Parulski wyjaśnił, że w śledztwie rozpatrywane są ewentualne nieprawidłowości zarówno polskiego, jak i rosyjskiego personelu naziemnego i - jak podkreślił - "nie należy tego zawężać tylko do służb lotniczych". Dodał, że w tym wątku zawierają się też m.in. "niezamierzone błędne komendy wieży lotów", "niewłaściwe zabezpieczenie meteorologiczne lotu", "niedociągnięcia nadzoru lub planowania lotu", "nadmierne ryzyko ze strony załogi", "zwiększone obciążenie pracy załóg", "zły dobór załóg".
Według Parulskiego, polskie śledztwo prowadzi obecnie 9 prokuratorów (w tym dwóch realizuje wniosek Rosji o pomoc prawną). Przesłuchano już 219 świadków, a 120 jest jeszcze do przesłuchania. Nadzór nad śledztwem sprawują zastępcy szefa NPW, w tym Marek Pasionek.
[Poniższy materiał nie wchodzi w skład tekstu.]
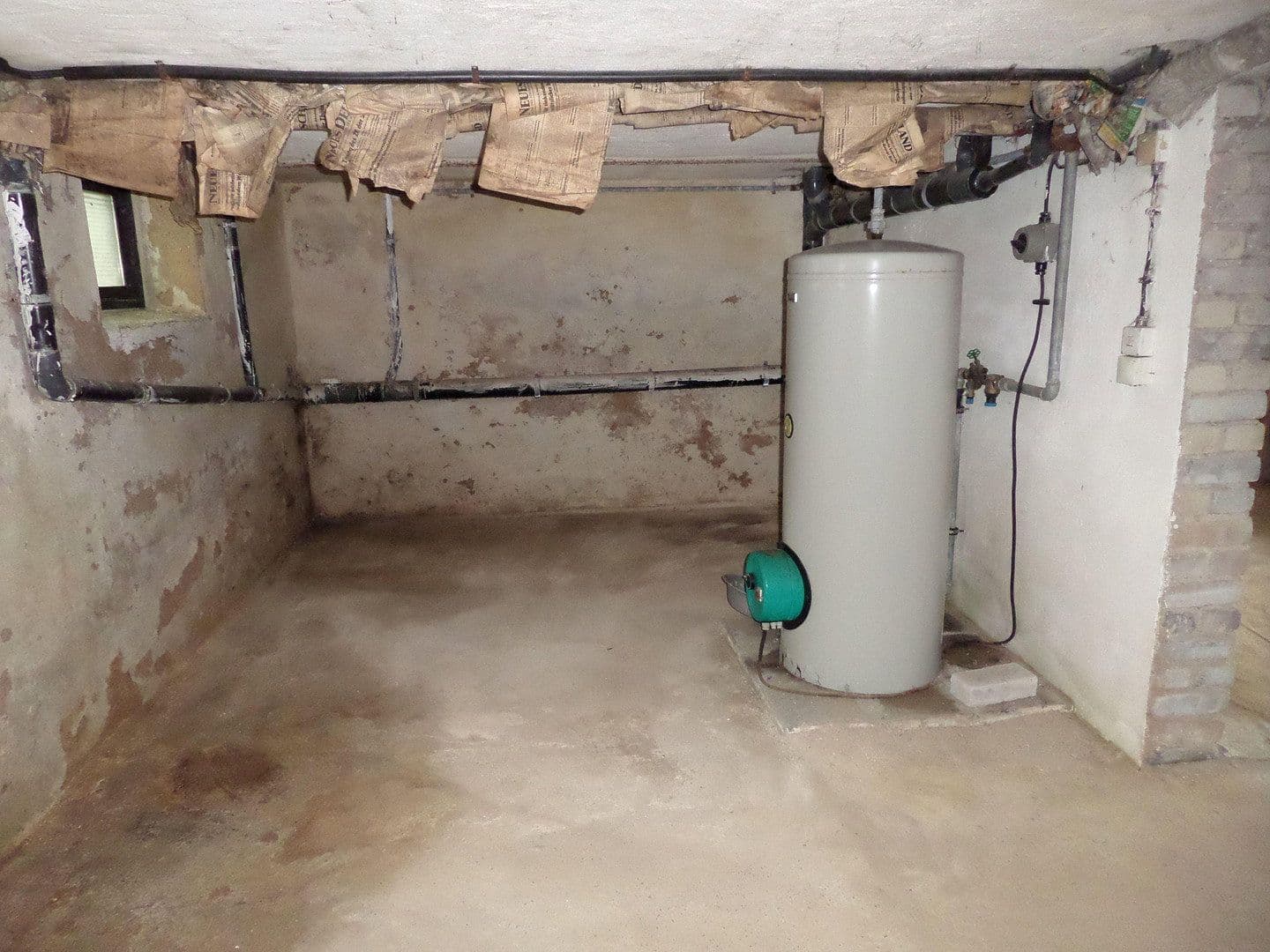 Prodej domu 130 m², pozemek 2.496 m², Tettau, Braniborsko Prodej domu 130 m², pozemek 2.496 m², Tettau, Braniborsko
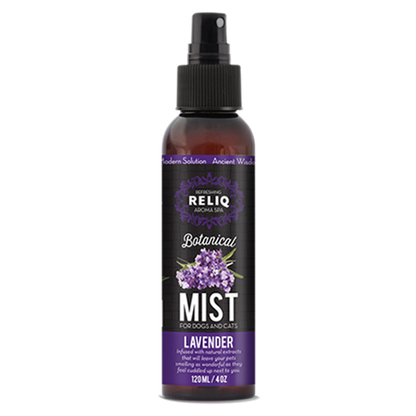 Reliq - Perfume/Mist - Lavender - 120ml (602003755897)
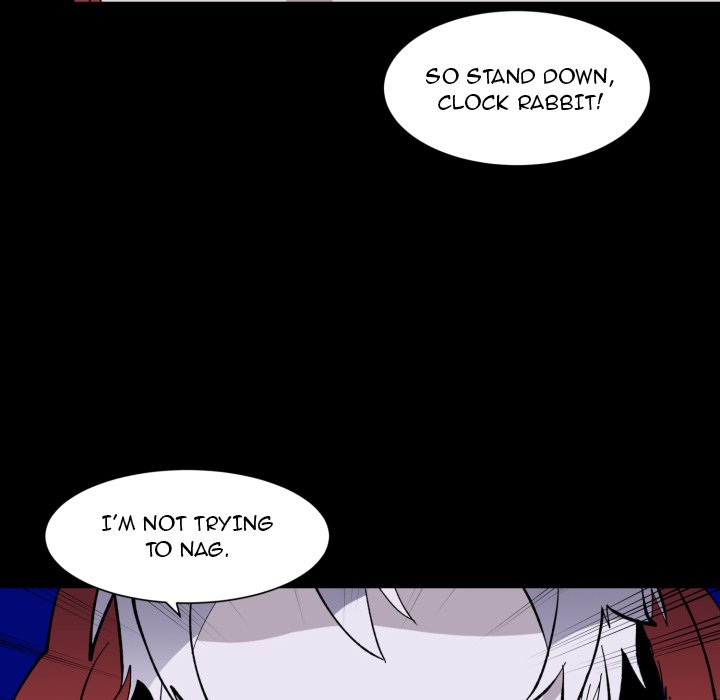 No Fantasy Alice Chapter 34 image 32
Parulski potwierdził, że 2 sierpnia wpłynęły dwa kolejne wnioski Rosji o pomoc prawną. W jednym rosyjska prokuratura zwraca się o informacje m.in. o "przebywaniu postronnych osób w kabinie"; o odczyt zapisu rozmów w kokpicie przez polskich biegłych; o wykaz połączeń z pokładu samolotu w chwili podchodzenia do lądowania.